Charles Tatum, dean of the College of Humanities, spoke to a crowd of about 70 yesterday on the topic of becoming an HSI.

A Hispanic serving institution is defined by the U.S. Department of Education as "an institution that has at least 25 percent Hispanic full-time equivalent (FTE) enrollment, and of the Hispanic student enrollment, at least 50 percent are low income."

Making the UA an HSI has been a goal of President Pete Likins for more than a year.

The UA's objective is to raise the Hispanic student population from 14 percent to 25 percent within 10 years.

Tatum, who spoke at noon at the Gallagher Theatre in the Student Union Memorial Center, said the status of Latino education prior to the college level has significant room for improvement compared to other ethnic groups in Arizona.

He said that should be a motivating factor for the UA to become an HSI.

A university education is important in order for more Hispanics to obtain better jobs, Tatum said.

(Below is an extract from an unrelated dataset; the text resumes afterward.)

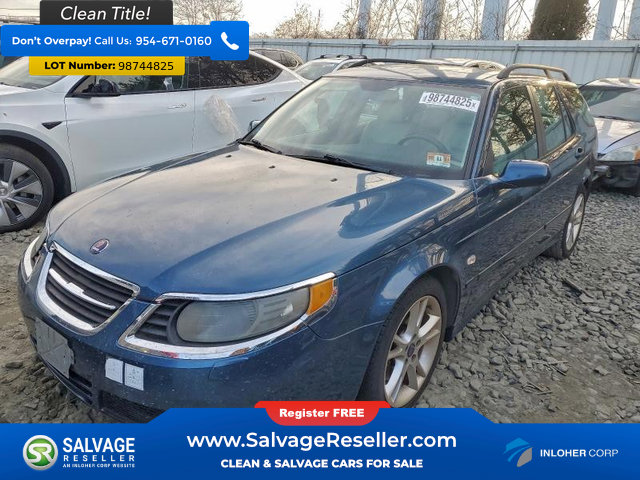Used 2008 Saab 9-5 2.3T image 1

"The most attractive jobs and careers will require a college education. Those with the highest level of college degrees will have the most desirable jobs," he said.

According to the Arizona Department of Education, the annual high school dropout rate for Latino students is 15 percent, which is twice that of white students, Tatum said.

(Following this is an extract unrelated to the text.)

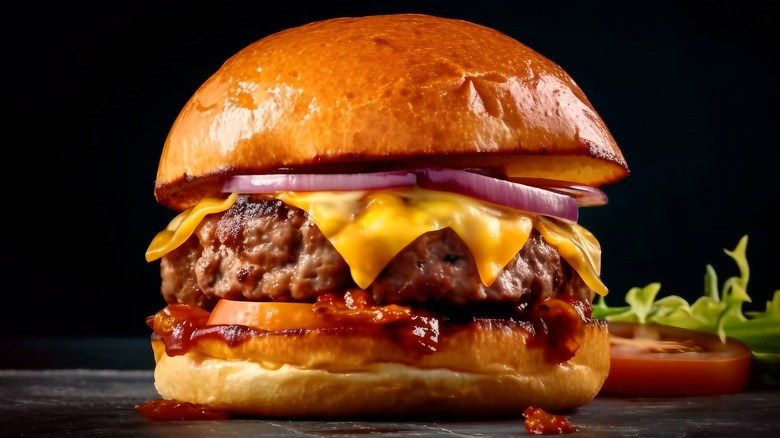 How To Cook Bison Burgers That Don't Dry Out, According To An Executive ...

More than two-fifths of Latinos over the age of 25 in Arizona have not graduated from high school, Tatum said.

Tatum said one reason why there are not more Latino students at the UA is that many come from low-income families that tend to see college as a less realistic option.

"College is a whole mystified world that doesn't belong to them. We are trying to overcome that," Tatum said.

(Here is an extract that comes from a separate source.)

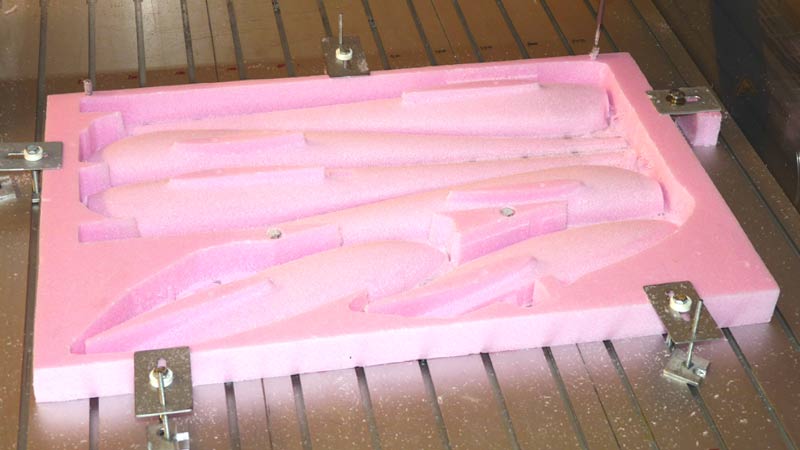 P38 fuselage 85cm Spannweite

Raising the Hispanic enrollment would require a financial commitment from the UA, Tatum said.

"We must go beyond rhetoric to commitment," he said.

A major plan of action, which would require a commitment from the university, would be to start reaching out to the Hispanic community at levels of education prior to high school, Tatum said.

"The UA should be engaged at a much earlier age than high school," Tatum said.

One UA-funded project currently running in a few schools in the Sunnyside District of Tucson is the College Academy for Parents, Tatum said.

The plan places fifth graders and their parents in a program with semester-long orientations that clarify the college process. The program will "help parents understand expectations for college, improve communications with schools, and prepare students for a college education."

Latinos account for 25 percent of the population in Arizona, Tatum said.

"We will fall behind other states if Arizona fails to raise the level of education in within its Latino population," Tatum said. "We must renew our efforts to increase the number of Latino and other lower income minority groups at the UA."

Tatum's speech was the first of the Faculty Fellows Speaker Series put on by the Dean of Students' Office.